Sen Oznur, Erdogan Doventas Yasemin
Ministery of Health Haseki Training and Research Hospital, Department of Anaesthesiology and Reanimation, Istanbul, Turkey.
Ministery of Health Haseki Training and Research Hospital, Department of Biochemistry Department, Istanbul, Turkey.
Braz J Anesthesiol. 2017 Jan-Feb;67(1):28-34. doi: 10.1016/j.bjane.2015.08.015. Epub 2016 Apr 12.
General anesthesia causes reduction of functional residual capacity. And this decrease can lead to atelectasis and intrapulmonary shunting in the lung. In this study we want to evaluate the effects of 5 and 10cmHO PEEP levels on gas exchange, hemodynamic, respiratory mechanics and systemic stress response in laparoscopic cholecystectomy.

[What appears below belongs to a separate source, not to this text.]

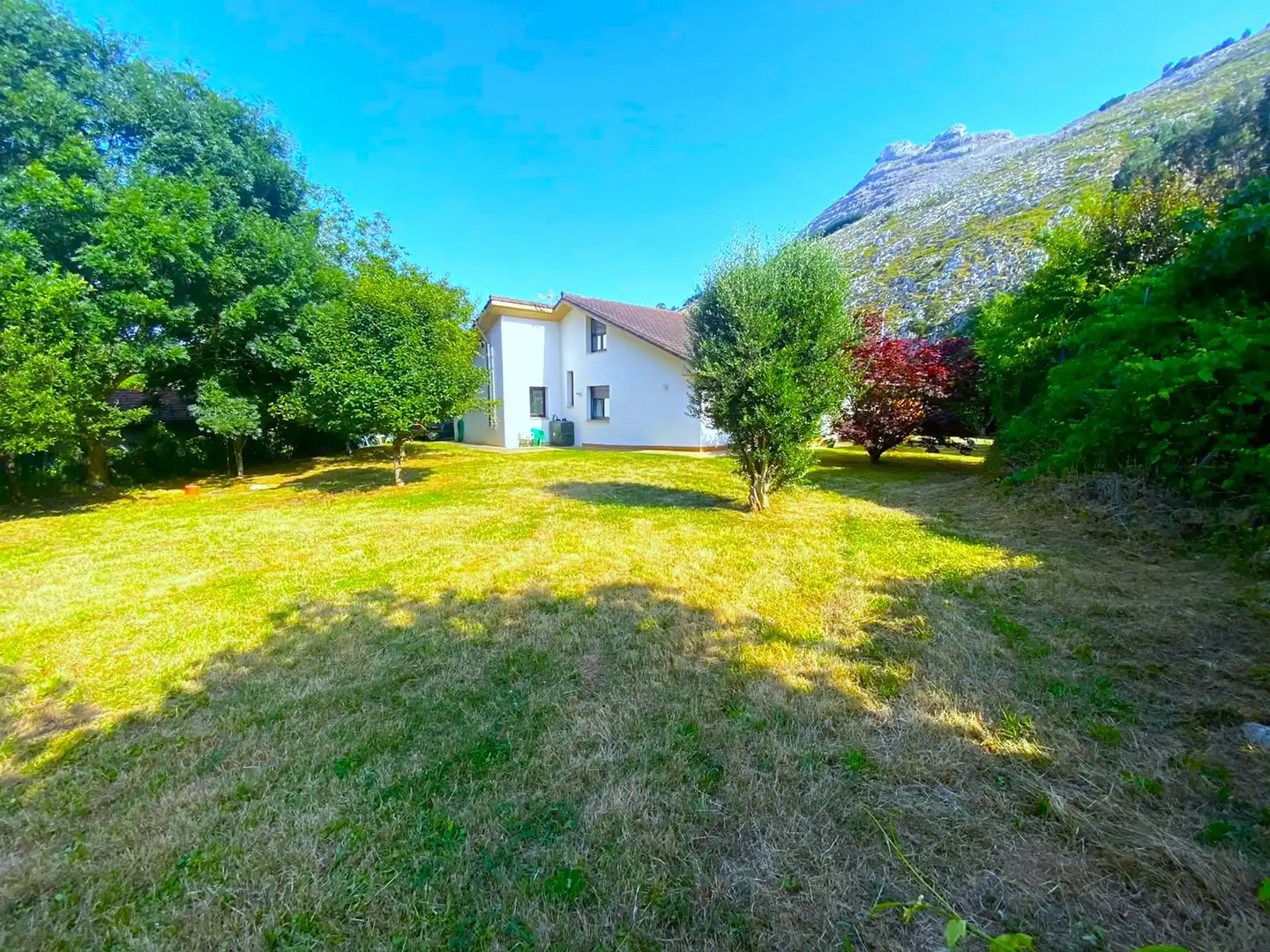 Garden of Houses for sale in Castro-Urdiales  with Heating, Private garden and Parquet flooring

American Society of Anesthesiologist I-II physical status 43 patients scheduled for laparoscopic cholecystectomy were randomly selected to receive external PEEP of 5cmHO (PEEP 5 group) or 10cmHO PEEP (PEEP 10 group) during pneumoperitoneum. Basal hemodynamic parameters were recorded, and arterial blood gases (ABG) and blood sampling were done for cortisol, insulin and glucose level estimations to assess the systemic stress response before induction of anesthesia. Thirty minutes after the pneumoperitoneum, the respiratory and hemodynamic parameters were recorded again and ABG and sampling for cortisol, insulin, and glucose levels were repeated. Lastly hemodynamic parameters were recorded; ABG analysis and sampling for stress response levels were taken after 60minutes from extubation.

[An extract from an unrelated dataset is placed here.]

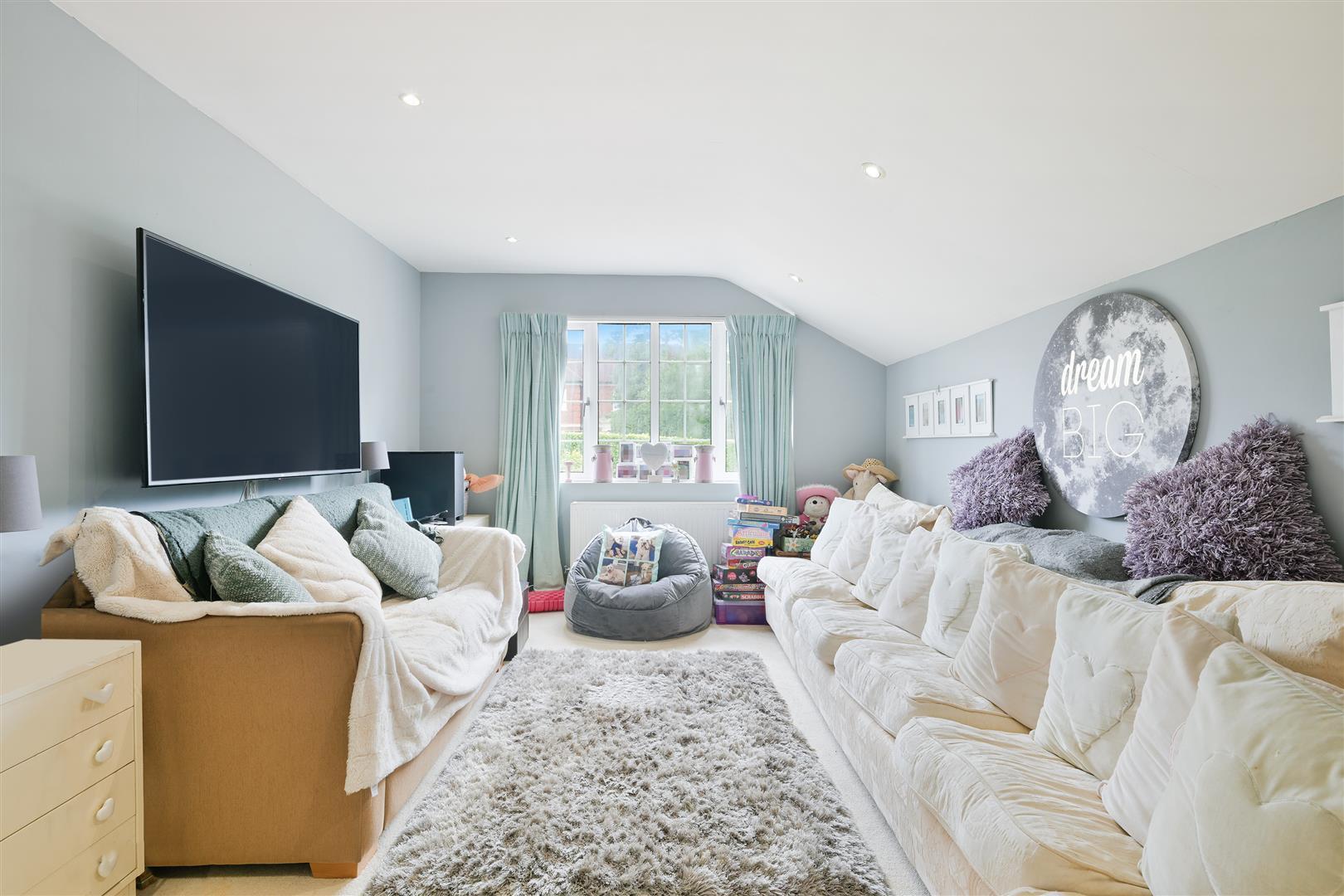 Property Image 950f6adb-4986-4da9-a5e8-51447c3d4c58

There were no statistical differences between the two groups about hemodynamic and respiratory parameters except mean airway pressure (P). P, compliance and PaO; pH values were higher in 'PEEP 10 group'. Also, PaCO values were lower in 'PEEP 10 group'. No differences were observed between insulin and lactic acid levels in the two groups. But postoperative cortisol level was significantly lower in 'PEEP 10 group'.
Ventilation with 10cmHO PEEP increases compliance and oxygenation, does not cause hemodynamic and respiratory complications and reduces the postoperative stress response.
全身麻醉会导致功能残气量减少。这种减少会导致肺不张和肺内分流。在本研究中,我们想评估5cmH₂O和10cmH₂O呼气末正压(PEEP)水平对腹腔镜胆囊切除术患者气体交换、血流动力学、呼吸力学和全身应激反应的影响。
随机选择43例美国麻醉医师协会身体状况分级为I-II级、计划行腹腔镜胆囊切除术的患者,在气腹期间接受5cmH₂O的外部PEEP(PEEP 5组)或10cmH₂O的PEEP(PEEP 10组)。记录基础血流动力学参数,并采集动脉血气(ABG)和血样以测定皮质醇、胰岛素和葡萄糖水平,以评估麻醉诱导前的全身应激反应。气腹30分钟后,再次记录呼吸和血流动力学参数,并重复采集ABG以及皮质醇、胰岛素和葡萄糖水平的血样。最后记录血流动力学参数;拔管60分钟后进行ABG分析和应激反应水平血样采集。
除平均气道压(P)外,两组的血流动力学和呼吸参数无统计学差异。“PEEP 10组”的P、顺应性和PaO₂;pH值较高。此外,“PEEP 10组”的PaCO₂值较低。两组的胰岛素和乳酸水平无差异。但“PEEP 10组”术后皮质醇水平显著较低。
采用10cmH₂O的PEEP通气可增加顺应性和氧合,不引起血流动力学和呼吸并发症,并降低术后应激反应。